Hunter’s Hot Springs offered basic, clean accommodations when we needed them. As an up-and-coming hotel, we recommend it as a respite from camping. What the adults liked: Breaks from the wind and proximity to town – by this time we were in acute need of food not cooked on sticks or scrabbled together in a single pot.
What the kids liked: Warm beds.
What we didn’t like: The kids thought the pool was too hot, but it’s easy to alter the temperature. The owner did so the next morning, making it possible for us to soak for a longer period than the night before.
What we’d do differently: Get up earlier so we could have more time for soaking before checkout.
Summer Lake Hot Springs; Paisley, Oregon
There’s a reason that the phrase “the clouds parted” is used so often. When we pulled into Summer Lake Hot Springs along Highway 31 just outside of Paisley, the clouds did indeed part, and the sun and welcoming atmosphere made for an excellent final stop.
Summer Lake Hot Springs has a little of everything. There’s a large, bathwater-hot indoor pool, complete with changing rooms. Outside, rock-lined tubs offer a dose of tranquility among the high clouds, with views of the Summer Lake salt flat in the distance.
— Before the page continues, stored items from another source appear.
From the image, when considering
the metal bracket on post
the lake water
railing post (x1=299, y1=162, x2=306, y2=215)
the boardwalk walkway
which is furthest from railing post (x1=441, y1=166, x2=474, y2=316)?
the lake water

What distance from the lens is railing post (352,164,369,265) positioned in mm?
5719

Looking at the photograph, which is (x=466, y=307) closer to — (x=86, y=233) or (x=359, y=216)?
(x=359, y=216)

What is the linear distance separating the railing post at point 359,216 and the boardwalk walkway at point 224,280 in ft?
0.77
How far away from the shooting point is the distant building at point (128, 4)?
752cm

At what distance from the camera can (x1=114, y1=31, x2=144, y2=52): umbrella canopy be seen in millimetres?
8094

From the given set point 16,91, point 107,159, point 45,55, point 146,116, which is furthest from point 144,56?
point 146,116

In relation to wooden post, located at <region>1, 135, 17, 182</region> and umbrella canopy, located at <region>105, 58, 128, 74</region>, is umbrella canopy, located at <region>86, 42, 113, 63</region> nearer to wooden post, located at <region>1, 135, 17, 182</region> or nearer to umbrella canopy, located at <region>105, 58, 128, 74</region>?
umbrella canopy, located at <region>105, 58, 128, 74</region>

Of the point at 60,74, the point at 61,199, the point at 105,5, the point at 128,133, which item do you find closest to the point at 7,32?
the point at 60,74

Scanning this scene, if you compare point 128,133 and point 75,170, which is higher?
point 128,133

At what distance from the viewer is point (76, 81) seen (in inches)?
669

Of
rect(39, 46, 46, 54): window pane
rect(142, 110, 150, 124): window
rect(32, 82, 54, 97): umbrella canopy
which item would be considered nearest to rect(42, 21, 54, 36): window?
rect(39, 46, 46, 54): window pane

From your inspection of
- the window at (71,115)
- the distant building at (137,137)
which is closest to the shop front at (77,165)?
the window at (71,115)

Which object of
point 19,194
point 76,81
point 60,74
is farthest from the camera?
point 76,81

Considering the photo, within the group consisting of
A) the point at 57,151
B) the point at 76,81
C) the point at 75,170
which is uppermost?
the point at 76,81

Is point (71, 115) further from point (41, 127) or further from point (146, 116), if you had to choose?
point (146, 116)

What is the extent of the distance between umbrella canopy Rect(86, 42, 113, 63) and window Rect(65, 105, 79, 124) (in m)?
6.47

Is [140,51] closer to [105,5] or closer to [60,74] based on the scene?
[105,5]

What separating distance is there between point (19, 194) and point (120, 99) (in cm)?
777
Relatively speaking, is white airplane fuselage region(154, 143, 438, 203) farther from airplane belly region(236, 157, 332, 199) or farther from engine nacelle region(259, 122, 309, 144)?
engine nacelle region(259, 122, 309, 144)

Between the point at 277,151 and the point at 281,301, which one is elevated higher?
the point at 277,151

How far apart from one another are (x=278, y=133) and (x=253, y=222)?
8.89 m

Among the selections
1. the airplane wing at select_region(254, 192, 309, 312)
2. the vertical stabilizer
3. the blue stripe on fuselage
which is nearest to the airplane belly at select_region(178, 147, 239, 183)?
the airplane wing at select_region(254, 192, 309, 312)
The resort’s cabins sleep between two and six people, each featuring unique woodwork, vintage and antique decorations, and floors heated by geothermal energy. Camping is also welcome. Little details such as well-placed Buddha statues and rustic art underline the care the owners have taken with the site’s aesthetics. If the theme here wasn’t three kids, three nights, we could have stayed for 13 nights.
What the adults liked: Indoor as well as outdoor pools. (Read: space to let the kids be kids, while we got some peace.) Lots of open space so the kids could play frisbee or just run around. Well-decorated spaces.
What the kids liked: Cool cabins, nice to soak out of the wind.
What we didn’t like: A little pricey for camping with kids, advertised at $20 a head. Still, the managers gave us a discount for the kiddos.
What we’d do differently: Bring more (adult) friends and take over all the cabins at once.